Barium, a Chinese cyberespionage group notoriously known for supply chain attacks utilized this flaw in its attack of Animal Health Emergency Reporting Diagnostic System (USAHERDS), a digital tool used by state governments in the U.S. to track animal diseases in the country’s livestock population, according to a recent Wired report. The group then used its access to USAHERDS to breach the network of at least six state governments.
In 2021 physical supply chains were also disrupted as major companies including meat producer JBS USA and the Colonial Pipeline were targets of ransomware whose effects were felt across the global economy. JBS USA paid $11 million worth in ransom while Colonial Pipeline paid $4.4 million.
Toyota, like many other companies, has also dealt with physical supply chain issues due to the pandemic—including shortages that required the halting of five factories this January.
In an emailed response to questions from The Record, Hashimoto Shiori, a Toyota spokesperson said the company could not reveal specific steps being taken to address the event, but that the company has a guideline on information security” that it shares with approximately 1,300 suppliers.
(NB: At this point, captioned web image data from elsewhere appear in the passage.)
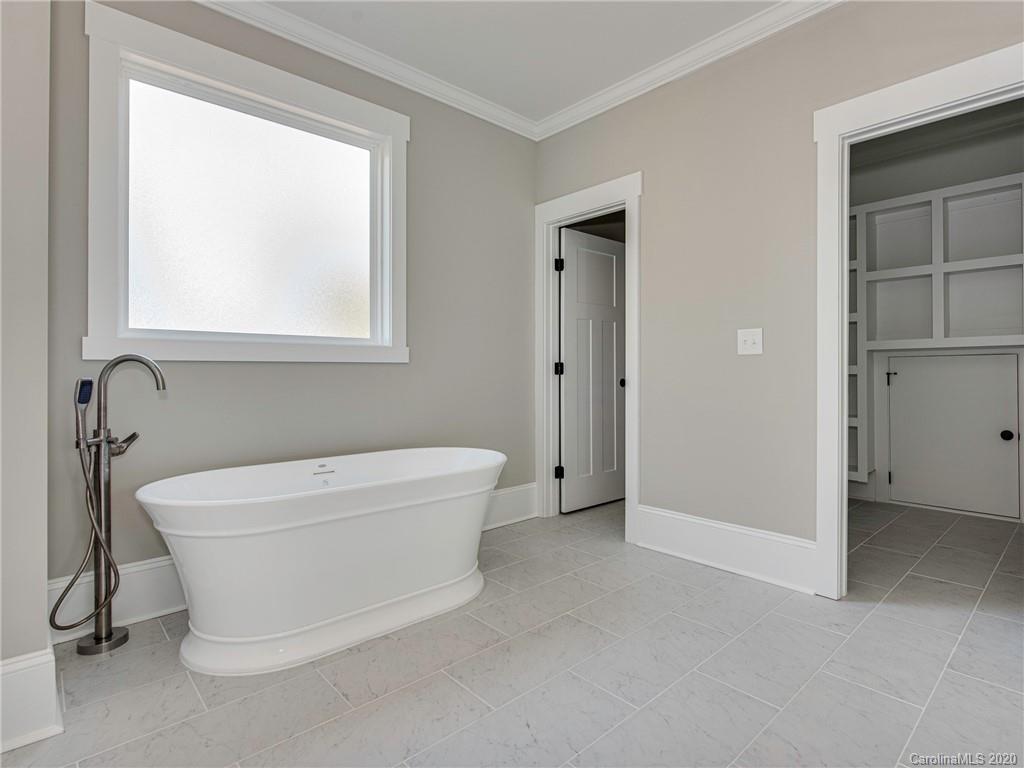 1808 Berryhill Road Charlotte, NC 28208 - Photo 25 of 34 Gallery Image 25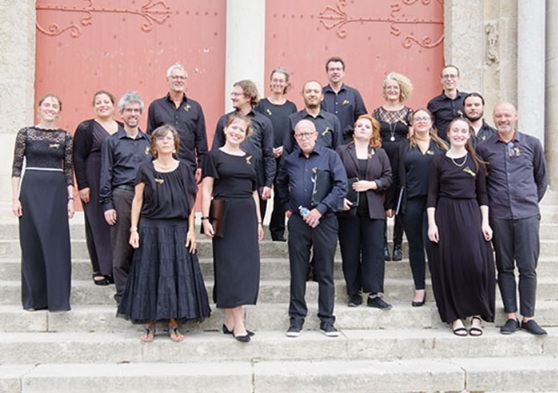 Nuit européenne des musées à Bibracte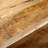 Brynesha Solid Wood TV Stand-1026376847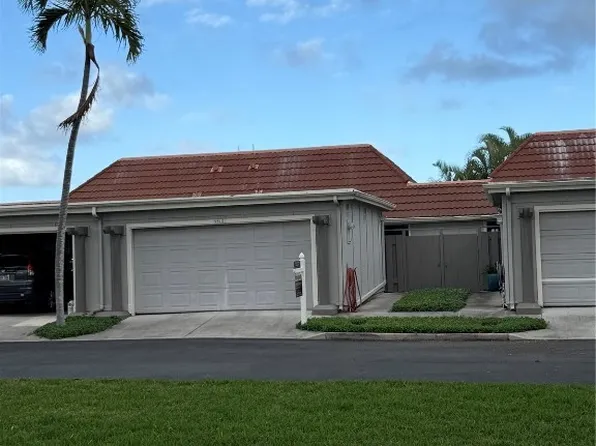 591 Keolu Dr APT E, Kailua, HI 96734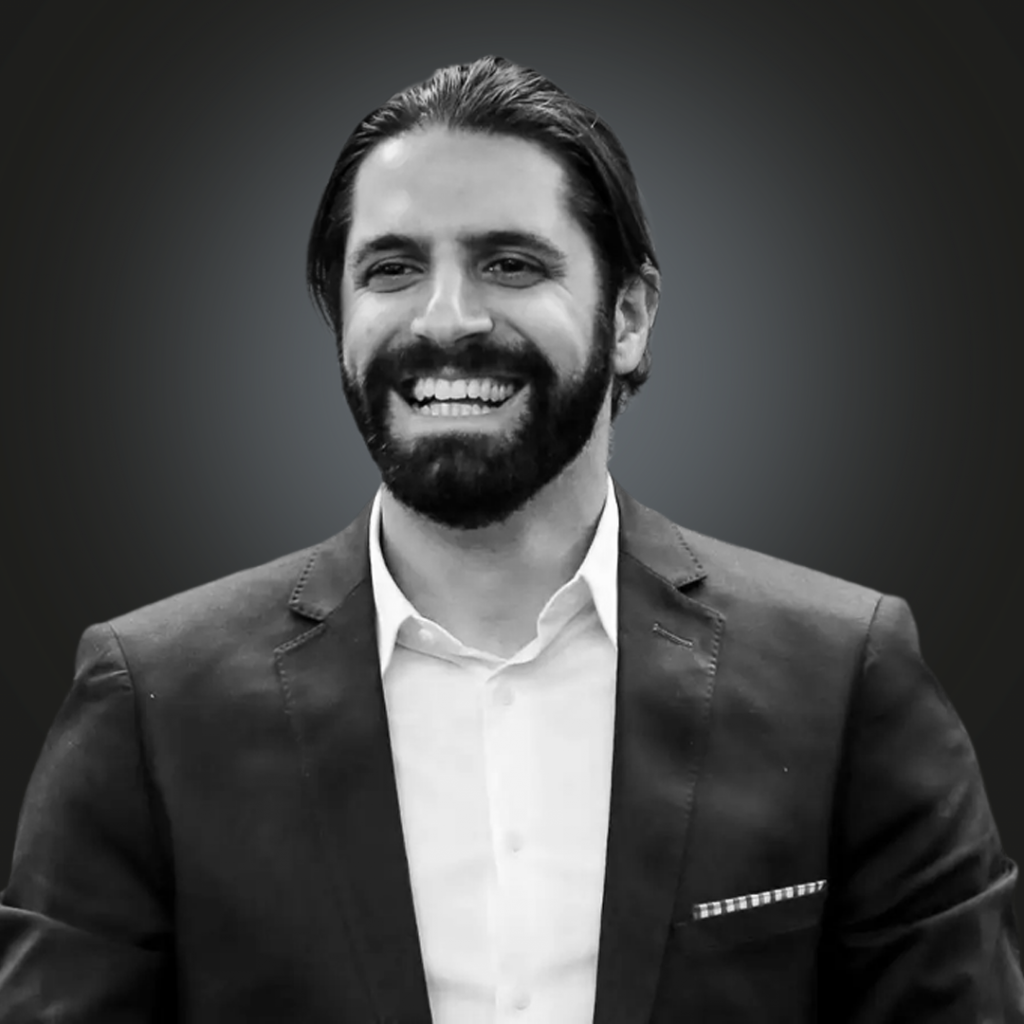 Jon Levy on FOMO Sapiens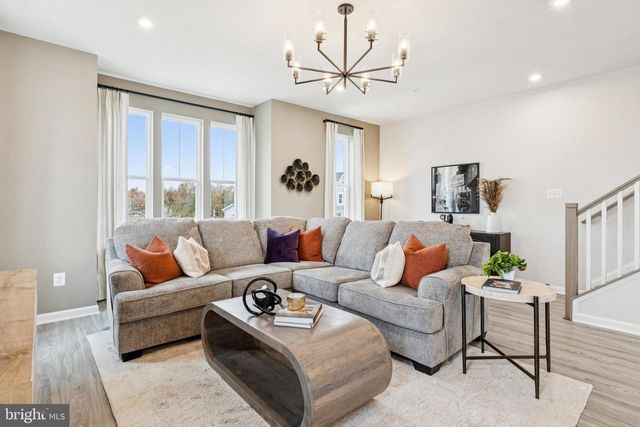 1923 BAROLO BLVD, Hanover, MD 21076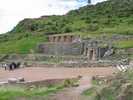 Cusco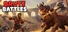 Brute Battles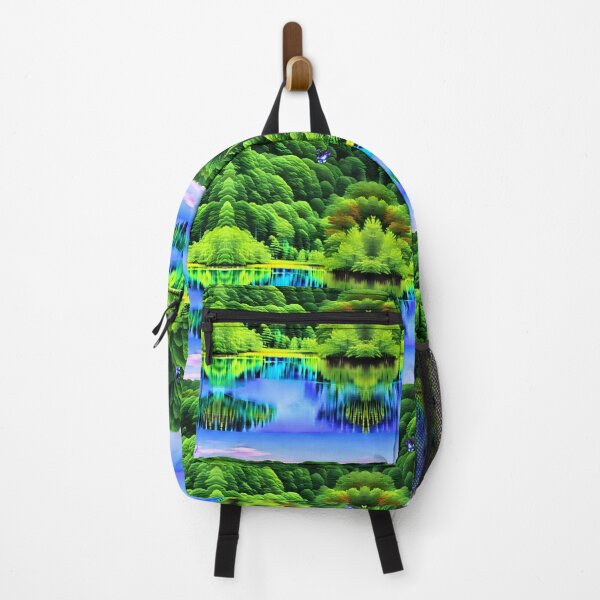 Item preview, Natural Environment #59 designed and sold by Natur-Environme.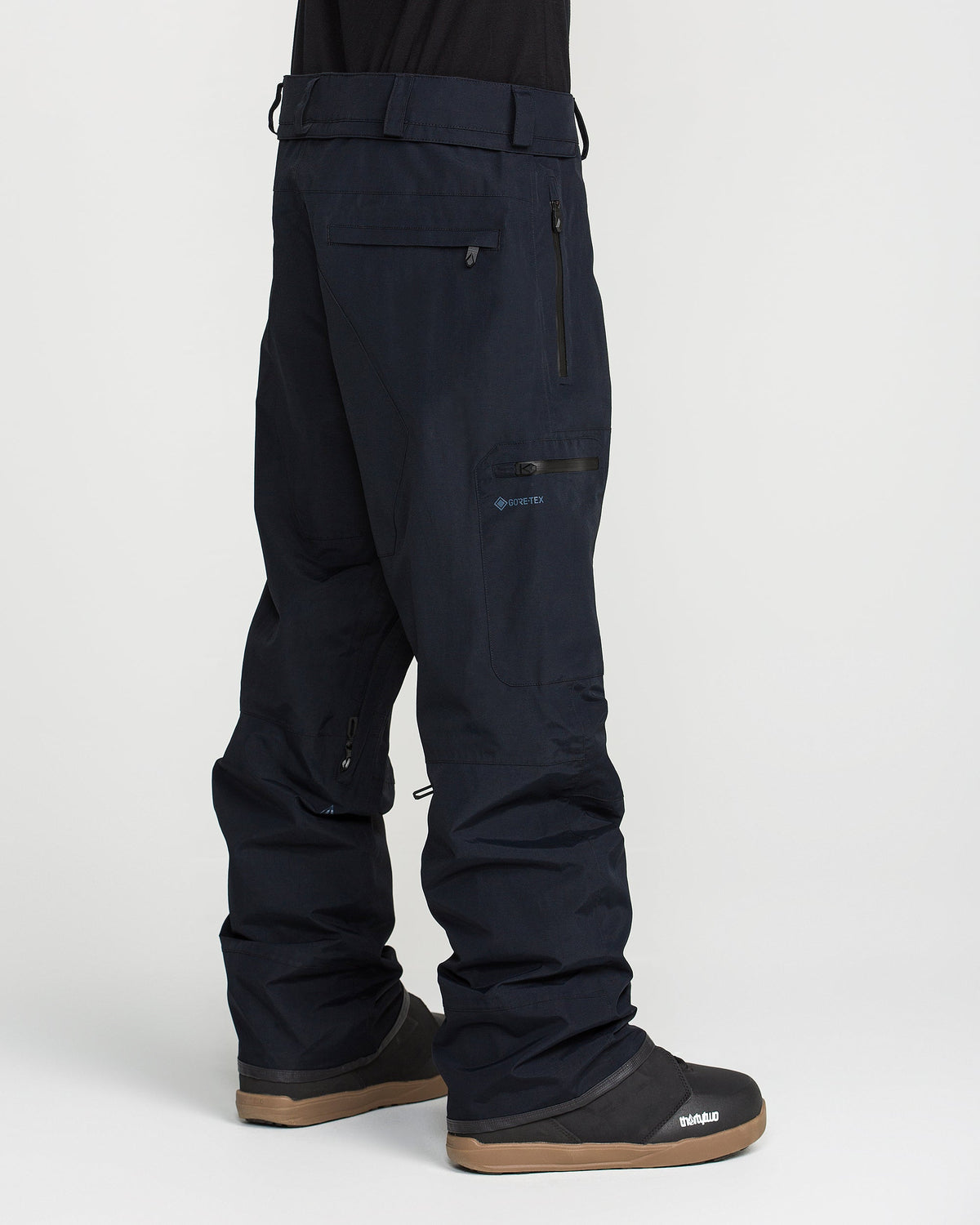 Volcom L GORE-TEX PANT 27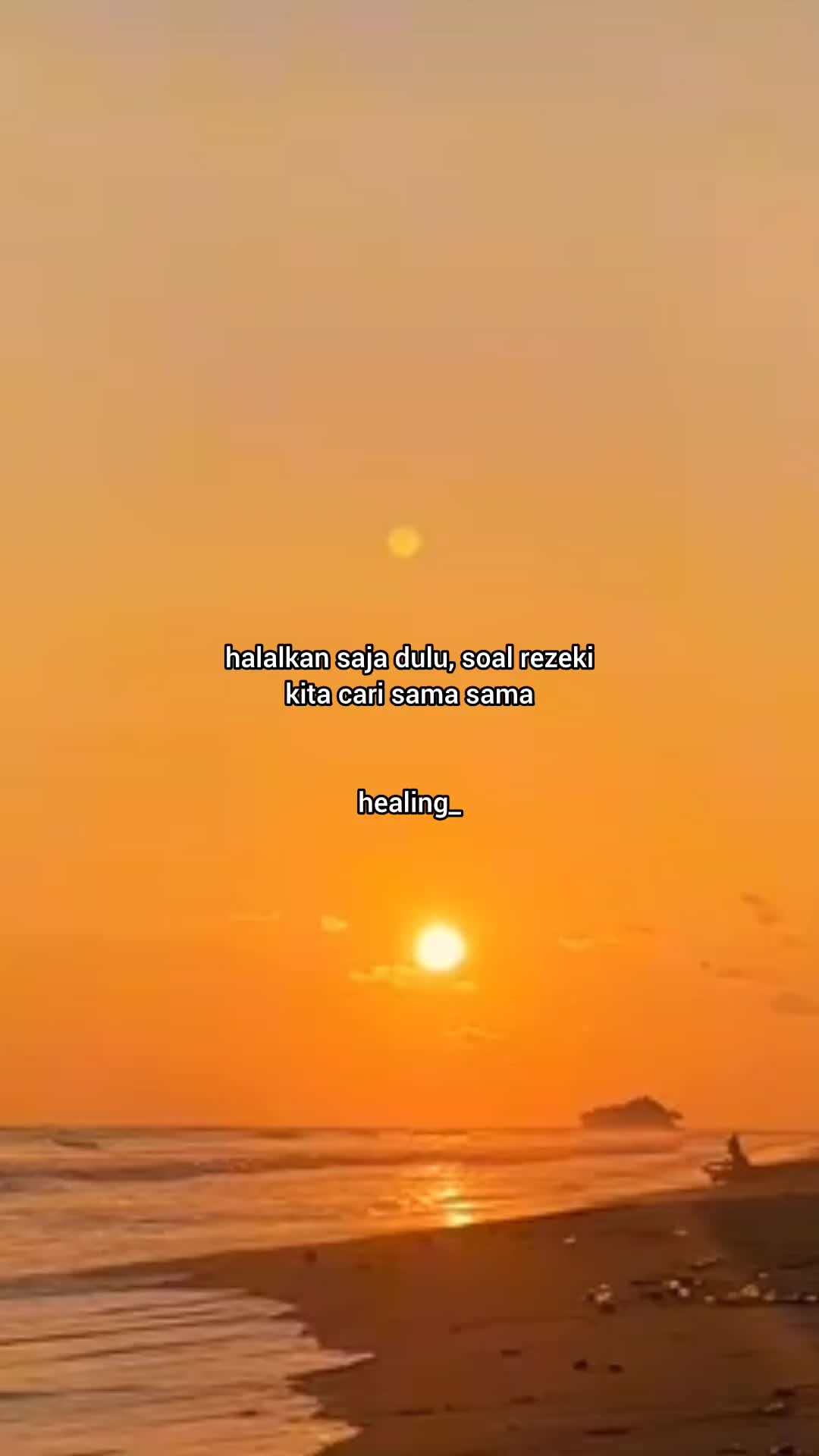@healing_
“We have issued another reminder to all suppliers after this incident,” Shiori said, adding that the company will continue efforts to strengthen security measures. The attack also came after Japan pledged its support to Ukraine and imposed sanctions on Russia concerning the still ongoing invasion by Russia, raising suspicions of whether the attack was carried out by state-sponsored Russian hackers.
“We’ve heard that it is under study at Kojima Industries,” said Shiori, adding that there is no other information concerning the claim yet.
At the time of publication, Kojima Industry’s website appeared to remain down and the company could not be reached for comments.